**WHAT IS NEEDED:**
Print all of the records below again without a single difference.

[MATERIAL SUPPLIED — start]

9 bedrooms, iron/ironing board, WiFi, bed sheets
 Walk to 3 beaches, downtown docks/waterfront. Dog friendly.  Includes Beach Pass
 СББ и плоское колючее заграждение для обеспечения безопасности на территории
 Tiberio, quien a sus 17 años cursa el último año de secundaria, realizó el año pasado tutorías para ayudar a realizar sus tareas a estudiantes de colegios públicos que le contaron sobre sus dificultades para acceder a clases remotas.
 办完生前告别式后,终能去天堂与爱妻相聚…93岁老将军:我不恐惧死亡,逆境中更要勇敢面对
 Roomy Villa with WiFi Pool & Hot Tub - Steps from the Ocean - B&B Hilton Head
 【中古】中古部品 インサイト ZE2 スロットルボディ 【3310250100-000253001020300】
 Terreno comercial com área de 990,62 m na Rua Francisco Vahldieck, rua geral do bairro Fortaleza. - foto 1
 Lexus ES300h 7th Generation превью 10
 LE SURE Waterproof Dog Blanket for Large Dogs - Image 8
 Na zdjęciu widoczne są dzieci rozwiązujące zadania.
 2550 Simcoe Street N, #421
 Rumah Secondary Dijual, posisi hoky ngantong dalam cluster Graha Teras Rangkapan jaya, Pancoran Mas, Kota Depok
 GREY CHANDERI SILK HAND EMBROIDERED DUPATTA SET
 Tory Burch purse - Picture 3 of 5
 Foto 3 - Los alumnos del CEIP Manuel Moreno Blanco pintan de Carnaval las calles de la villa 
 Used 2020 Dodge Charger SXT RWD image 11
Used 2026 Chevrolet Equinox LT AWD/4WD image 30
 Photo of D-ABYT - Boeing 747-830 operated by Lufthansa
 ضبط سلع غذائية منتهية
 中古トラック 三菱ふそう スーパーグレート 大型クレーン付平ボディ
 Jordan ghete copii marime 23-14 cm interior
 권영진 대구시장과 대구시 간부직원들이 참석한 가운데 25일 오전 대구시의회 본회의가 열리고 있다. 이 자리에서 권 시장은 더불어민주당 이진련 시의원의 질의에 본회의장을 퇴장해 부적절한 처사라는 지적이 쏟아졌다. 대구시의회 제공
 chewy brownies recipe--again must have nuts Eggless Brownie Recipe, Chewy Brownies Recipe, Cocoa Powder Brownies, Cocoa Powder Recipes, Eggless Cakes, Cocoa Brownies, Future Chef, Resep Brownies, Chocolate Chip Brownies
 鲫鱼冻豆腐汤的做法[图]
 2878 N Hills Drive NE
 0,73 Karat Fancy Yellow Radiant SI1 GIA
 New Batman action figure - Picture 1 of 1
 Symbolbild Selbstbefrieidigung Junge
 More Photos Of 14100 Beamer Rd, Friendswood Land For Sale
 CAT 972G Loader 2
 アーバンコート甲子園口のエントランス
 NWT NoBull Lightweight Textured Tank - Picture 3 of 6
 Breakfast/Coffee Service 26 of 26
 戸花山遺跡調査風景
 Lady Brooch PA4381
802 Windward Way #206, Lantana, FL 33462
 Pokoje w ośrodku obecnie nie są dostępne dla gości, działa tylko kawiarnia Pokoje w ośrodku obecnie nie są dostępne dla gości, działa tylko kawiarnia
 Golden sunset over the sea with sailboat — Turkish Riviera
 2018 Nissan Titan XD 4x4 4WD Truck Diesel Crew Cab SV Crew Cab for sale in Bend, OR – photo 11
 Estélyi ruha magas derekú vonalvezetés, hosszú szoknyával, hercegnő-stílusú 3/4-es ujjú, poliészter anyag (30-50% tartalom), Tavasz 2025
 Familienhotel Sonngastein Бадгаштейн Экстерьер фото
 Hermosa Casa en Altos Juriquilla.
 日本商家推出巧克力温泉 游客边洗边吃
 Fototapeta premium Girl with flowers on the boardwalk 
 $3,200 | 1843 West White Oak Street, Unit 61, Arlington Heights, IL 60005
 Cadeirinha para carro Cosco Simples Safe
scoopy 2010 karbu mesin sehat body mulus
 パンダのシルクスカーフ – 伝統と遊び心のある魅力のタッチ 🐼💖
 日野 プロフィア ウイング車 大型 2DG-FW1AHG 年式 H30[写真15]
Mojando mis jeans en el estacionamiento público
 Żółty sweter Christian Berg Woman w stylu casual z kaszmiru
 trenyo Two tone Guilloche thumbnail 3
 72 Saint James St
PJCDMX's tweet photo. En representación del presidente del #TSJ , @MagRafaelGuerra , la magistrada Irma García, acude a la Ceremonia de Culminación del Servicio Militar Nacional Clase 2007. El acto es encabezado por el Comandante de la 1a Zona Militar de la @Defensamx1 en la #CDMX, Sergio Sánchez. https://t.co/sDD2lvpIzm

[MATERIAL SUPPLIED — finish]

**RESPONSE BOX:**
9 bedrooms, iron/ironing board, WiFi, bed sheets
 Walk to 3 beaches, downtown docks/waterfront. Dog friendly.  Includes Beach Pass
 СББ и плоское колючее заграждение для обеспечения безопасности на территории
 Tiberio, quien a sus 17 años cursa el último año de secundaria, realizó el año pasado tutorías para ayudar a realizar sus tareas a estudiantes de colegios públicos que le contaron sobre sus dificultades para acceder a clases remotas.
 办完生前告别式后,终能去天堂与爱妻相聚…93岁老将军:我不恐惧死亡,逆境中更要勇敢面对
 Roomy Villa with WiFi Pool & Hot Tub - Steps from the Ocean - B&B Hilton Head
 【中古】中古部品 インサイト ZE2 スロットルボディ 【3310250100-000253001020300】
 Terreno comercial com área de 990,62 m na Rua Francisco Vahldieck, rua geral do bairro Fortaleza. - foto 1
 Lexus ES300h 7th Generation превью 10
 LE SURE Waterproof Dog Blanket for Large Dogs - Image 8
 Na zdjęciu widoczne są dzieci rozwiązujące zadania.
 2550 Simcoe Street N, #421
 Rumah Secondary Dijual, posisi hoky ngantong dalam cluster Graha Teras Rangkapan jaya, Pancoran Mas, Kota Depok
 GREY CHANDERI SILK HAND EMBROIDERED DUPATTA SET
 Tory Burch purse - Picture 3 of 5
 Foto 3 - Los alumnos del CEIP Manuel Moreno Blanco pintan de Carnaval las calles de la villa 
 Used 2020 Dodge Charger SXT RWD image 11
Used 2026 Chevrolet Equinox LT AWD/4WD image 30
 Photo of D-ABYT - Boeing 747-830 operated by Lufthansa
 ضبط سلع غذائية منتهية
 中古トラック 三菱ふそう スーパーグレート 大型クレーン付平ボディ
 Jordan ghete copii marime 23-14 cm interior
 권영진 대구시장과 대구시 간부직원들이 참석한 가운데 25일 오전 대구시의회 본회의가 열리고 있다. 이 자리에서 권 시장은 더불어민주당 이진련 시의원의 질의에 본회의장을 퇴장해 부적절한 처사라는 지적이 쏟아졌다. 대구시의회 제공
 chewy brownies recipe--again must have nuts Eggless Brownie Recipe, Chewy Brownies Recipe, Cocoa Powder Brownies, Cocoa Powder Recipes, Eggless Cakes, Cocoa Brownies, Future Chef, Resep Brownies, Chocolate Chip Brownies
 鲫鱼冻豆腐汤的做法[图]
 2878 N Hills Drive NE
 0,73 Karat Fancy Yellow Radiant SI1 GIA
 New Batman action figure - Picture 1 of 1
 Symbolbild Selbstbefrieidigung Junge
 More Photos Of 14100 Beamer Rd, Friendswood Land For Sale
 CAT 972G Loader 2
 アーバンコート甲子園口のエントランス
 NWT NoBull Lightweight Textured Tank - Picture 3 of 6
 Breakfast/Coffee Service 26 of 26
 戸花山遺跡調査風景
 Lady Brooch PA4381
802 Windward Way #206, Lantana, FL 33462
 Pokoje w ośrodku obecnie nie są dostępne dla gości, działa tylko kawiarnia Pokoje w ośrodku obecnie nie są dostępne dla gości, działa tylko kawiarnia
 Golden sunset over the sea with sailboat — Turkish Riviera
 2018 Nissan Titan XD 4x4 4WD Truck Diesel Crew Cab SV Crew Cab for sale in Bend, OR – photo 11
 Estélyi ruha magas derekú vonalvezetés, hosszú szoknyával, hercegnő-stílusú 3/4-es ujjú, poliészter anyag (30-50% tartalom), Tavasz 2025
 Familienhotel Sonngastein Бадгаштейн Экстерьер фото
 Hermosa Casa en Altos Juriquilla.
 日本商家推出巧克力温泉 游客边洗边吃
 Fototapeta premium Girl with flowers on the boardwalk 
 $3,200 | 1843 West White Oak Street, Unit 61, Arlington Heights, IL 60005
 Cadeirinha para carro Cosco Simples Safe
scoopy 2010 karbu mesin sehat body mulus
 パンダのシルクスカーフ – 伝統と遊び心のある魅力のタッチ 🐼💖
 日野 プロフィア ウイング車 大型 2DG-FW1AHG 年式 H30[写真15]
Mojando mis jeans en el estacionamiento público
 Żółty sweter Christian Berg Woman w stylu casual z kaszmiru
 trenyo Two tone Guilloche thumbnail 3
 72 Saint James St
PJCDMX's tweet photo. En representación del presidente del #TSJ , @MagRafaelGuerra , la magistrada Irma García, acude a la Ceremonia de Culminación del Servicio Militar Nacional Clase 2007. El acto es encabezado por el Comandante de la 1a Zona Militar de la @Defensamx1 en la #CDMX, Sergio Sánchez. https://t.co/sDD2lvpIzm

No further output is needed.